Second, the mechanistic interpretation of altered repolarization geometry remains incomplete. Diabetes may influence ventricular repolarization through several overlapping pathways, including cardiac autonomic neuropathy, myocardial fibrosis, microvascular ischemia, oxidative stress, impaired calcium handling, reduced potassium currents, and diminished repolarization reserve. These mechanisms may lead to spatial discordance between depolarization and repolarization vectors, manifesting as widening of the QRS-T angle or changes in T-wave magnitude and T-loop area. Previous evidence has shown that diabetes is associated with prolongation and spatial dispersion of ventricular repolarization, which may contribute to greater ventricular electrical instability.⁵ However, the present study did not include diabetes duration, HbA1c, hypoglycemic exposure, renal function, electrolyte status, cardiac autonomic testing, echocardiographic parameters, or medication data.
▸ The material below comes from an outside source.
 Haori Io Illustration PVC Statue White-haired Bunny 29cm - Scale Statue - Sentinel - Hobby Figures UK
Without these variables, it remains difficult to determine whether the observed VCG differences are driven by diabetes per se, cumulative glycemic burden, autonomic dysfunction, structural myocardial remodeling, or unmeasured cardiovascular comorbidities.
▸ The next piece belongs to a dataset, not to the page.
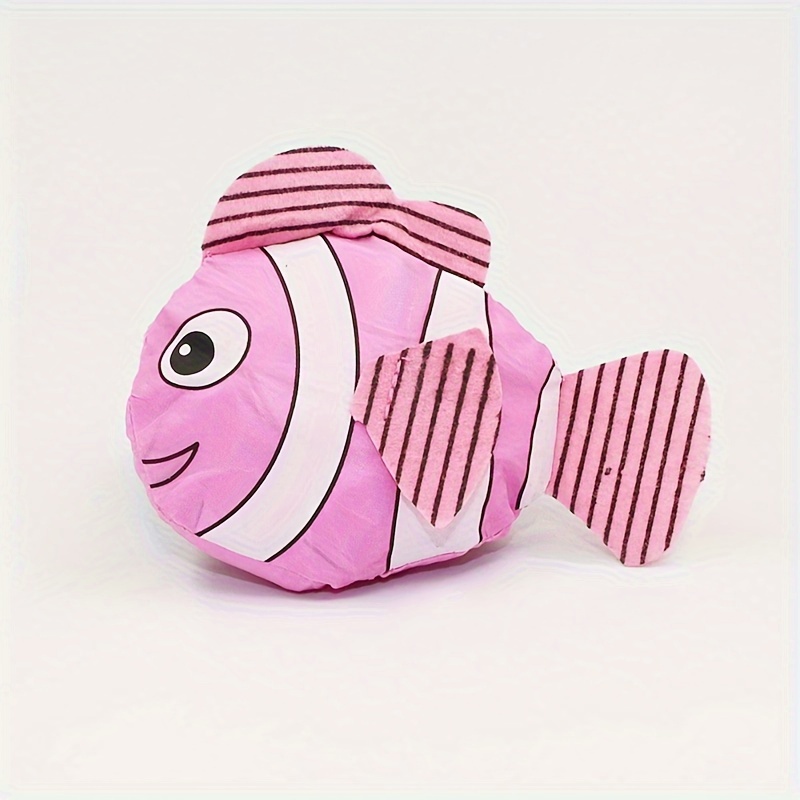 Multi color Polyester Cartoon Tropical Fish Tote Grocery Bag - Temu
Third, clarification is needed regarding the role of spatial QRS-T angle in the machine-learning model. The methods section states that continuous QRS-T angle values were used for physiological analysis but not as predictors in the machine-learning models. However, the results and SHAP analysis identify spatial QRS-T angle as the most influential feature. Because SHAP interpretation depends directly on the variables entered into the model, this apparent inconsistency should be resolved. If QRS-T angle was included as a predictor, the final feature set should be explicitly reported. If it was not included, the reported SHAP ranking requires correction or further explanation.
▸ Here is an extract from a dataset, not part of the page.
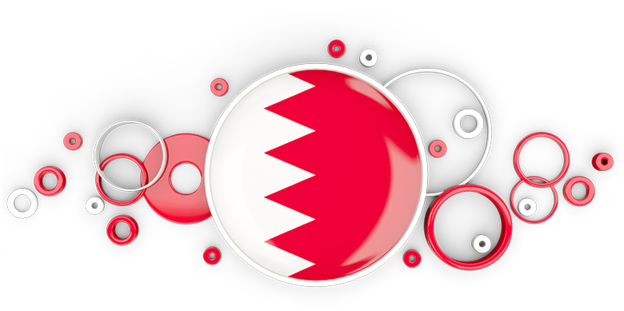 Bahrain Flag Abstract Art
Fourth, the use of inverse Dower transformation deserves additional caution. Although reconstructed VCG from standard 12-lead ECG is practical, it is not equivalent to Frank-lead VCG. The authors appropriately acknowledge that inverse Dower transformation may underestimate absolute vector amplitudes.¹ This limitation is particularly relevant because magnitude-based variables, including T-wave magnitude, QRS magnitude, and loop areas, contributed to the model. Differences in thoracic impedance, body habitus, cardiac position, and myocardial mass may influence amplitude-derived features, even when average BMI appears similar between groups. Therefore, angular measurements and amplitude-derived parameters should be interpreted separately, and future studies should consider validating reconstructed VCG metrics against Frank-lead VCG or other established transformation methods.

Finally, the study design limits causal and prognostic inference. The cross-sectional nature of the analysis precludes conclusions about whether diabetes causes repolarization remodeling or whether VCG abnormalities predict future arrhythmia, heart failure, myocardial infarction, or mortality. Although the model achieved a relatively high ROC-AUC, the PR-AUC was more modest, and the absence of external validation limits generalizability.¹ Future work should therefore move beyond diabetes classification and test whether VCG-derived repolarization geometry improves risk stratification among patients with diabetes. Longitudinal studies incorporating HbA1c, diabetes duration, cardiac autonomic function, echocardiography or cardiac magnetic resonance, kidney function, medication exposure, and hard cardiovascular outcomes would be particularly informative.

In conclusion, Lv and Zhao’s study provides an intriguing hypothesis-generating observation that diabetes is associated with altered VCG repolarization geometry. The key clinical implication, however, may not be the identification of diabetes, but the detection of a subclinical cardiometabolic electrical phenotype. Clarifying the model inputs, accounting for relevant metabolic and cardiovascular confounders, and validating these findings in longitudinal cohorts will be essential before VCG-based repolarization geometry can be considered a robust marker of metabolic cardiac involvement.